There's so much disinformation in those comments. One person is happy that they are moving to php (what?), another person now has a good reason to say that php is faster than other languages. That's hilarious


Just came here to say the same thing. Also loved many saying that Facebook hasn't open sourced anything (and even in the ones that do realize that they've open sourced code, no one mentions Tornado).


"...that will increase speed by around 80%..."

I guess this is compared to plain PHP not to accelerators? And what exactly is the difference from a PHP accelerator?


I think it is quite irrelevant to wonder about such details, as the article proceeds to spout nonsense like

   The project is very similar to Google's Unladen Swallow
   project, which rebuilt the Python compiler, boosting the
   speed fivefold [..]
There is not a word to be trusted, as the author clearly doesn't know what he is talking about.


The typical PHP accelerators cache bytecode rather than native code.


Yes but I wonder how much it will really help. Is the bottleneck for Facebook-like sites really in the bytecode dispatching as opposed to e.g. string/regexp operations or database calls?


It seems sensible to assume it helps them for something otherwise why bother developing and releasing it? I also don't think it's a matter of bottleneck - if you make the front-end php run faster you need fewer servers, fewer servers/user, more money. This has come up in discussions about google as well - there are some scales at which even comparatively modest improvements in efficiency count. It probably won't make a world of difference to My Cousin's Personal Basement URL Shortener.


>It seems sensible to assume it helps them for something otherwise why bother developing and releasing it?

Well surely the proof is in the eating - that is, if they've implemented it then it clearly works, they wouldn't be stupid enough to implement it if it's going to cost them money.

To answer your [rhetorical] question: The cost for this has been one developer for a year. That's not much for a speculative shot at increased server efficiencies that could save them big money in the server farm. Once they've developed it, even if it didn't produce the gains they needed then releasing it is sensible as it gains them some PR amongst the OS community and may get more fixes from that same community improving the result (lower costs) for FB.


We don't really know anything about it. One developer, five developers, 10, 20, 9923123% better. Let's just see what they release, if anything.


Sorry I read somewhere else that it was a single dev and that the gains were expected to be 5x improvement in speed for the same processing power. Can't recall where.


As far as I can tell Facebook use memcached so extensively that practically everything is served out of it, so their bottleneck could well be the PHP application code as opposed to the data fetching. In any case, when you're serving potentially millions of page views a second even a small optimisation can save you from buying a ton of extra hardware.

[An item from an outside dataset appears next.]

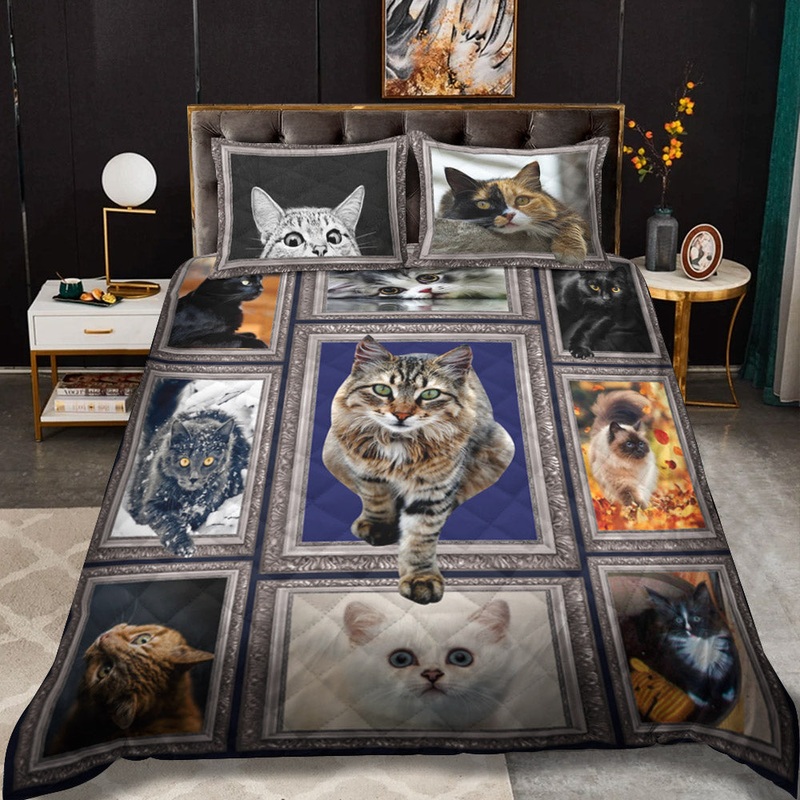 Cats CLM3010110B Quilt Bedding Set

JIT native code compilers do make quite a bit of difference over byte code execution is some situations. E.g. loops over many elements (say loops that concatenate large HTML fragments, ok the string operation are already native, but other bits of the loop will not be (e.g. array access)).

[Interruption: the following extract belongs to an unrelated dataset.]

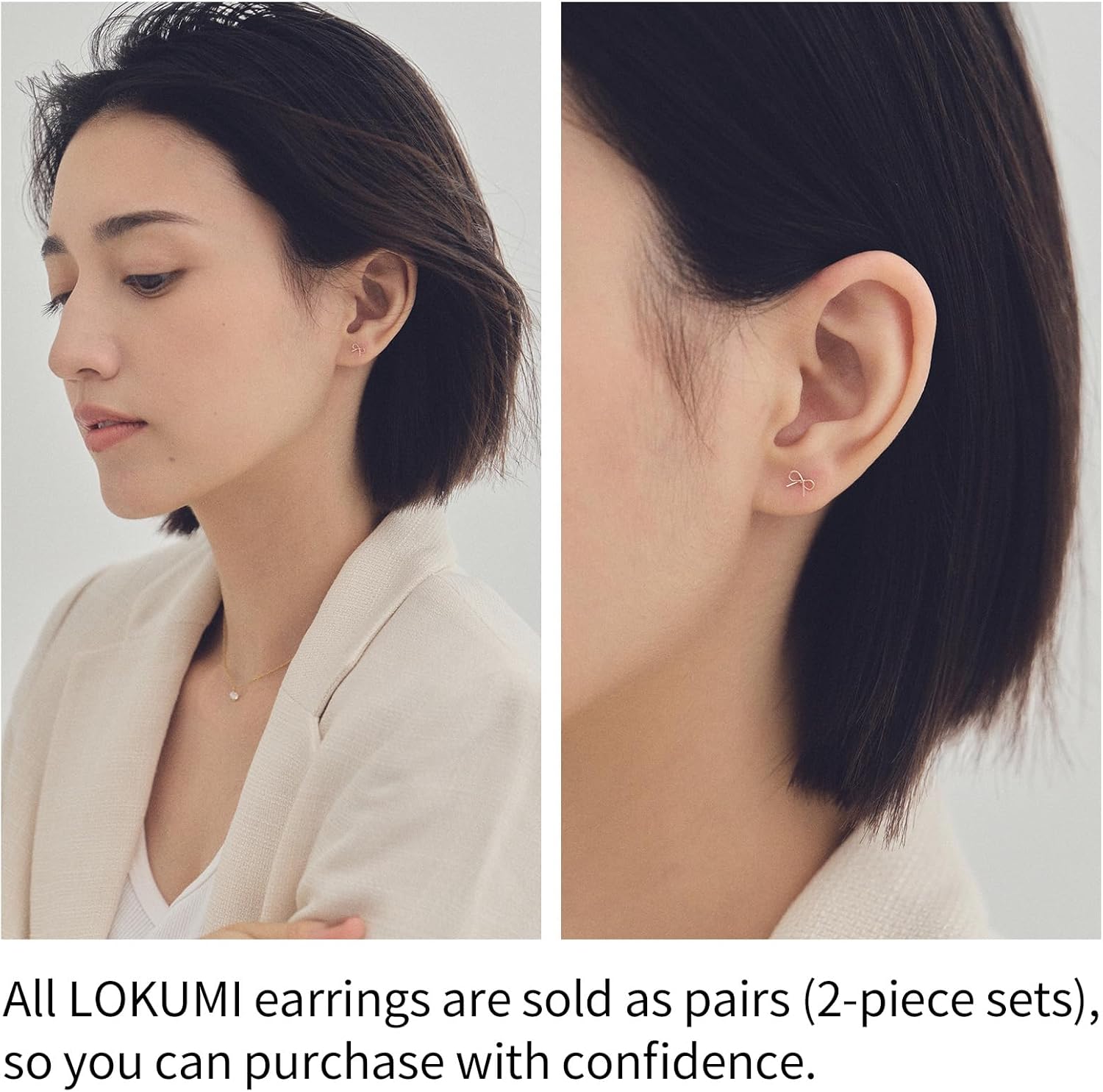 LOKUMI K18(18K) Post Tiny Handmade Ribbon Stud Earrings | Hypoallergenic & Nickel-Free | Made in Japan | Available in 3 finishes: Silver, 24KGold, and PinkGold jk-75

So, I agree that the main 'bottleneck' in most PHP apps is probably not-PHP itself, there is still scope for improvement.


When you're running 1000s of servers, it's not about the one big bottleneck anymore. 5 or 10 or 20% improvements then suddenly become worthwhile.


Could be, in the case that those two have already been optimized or removed as much as possible.


Did they release any kind of benchmarks? I'm curious how this stacks up to passenger and Ruby enterprise edition (faster i'm sure), but would be interesting to see a side by side comparison.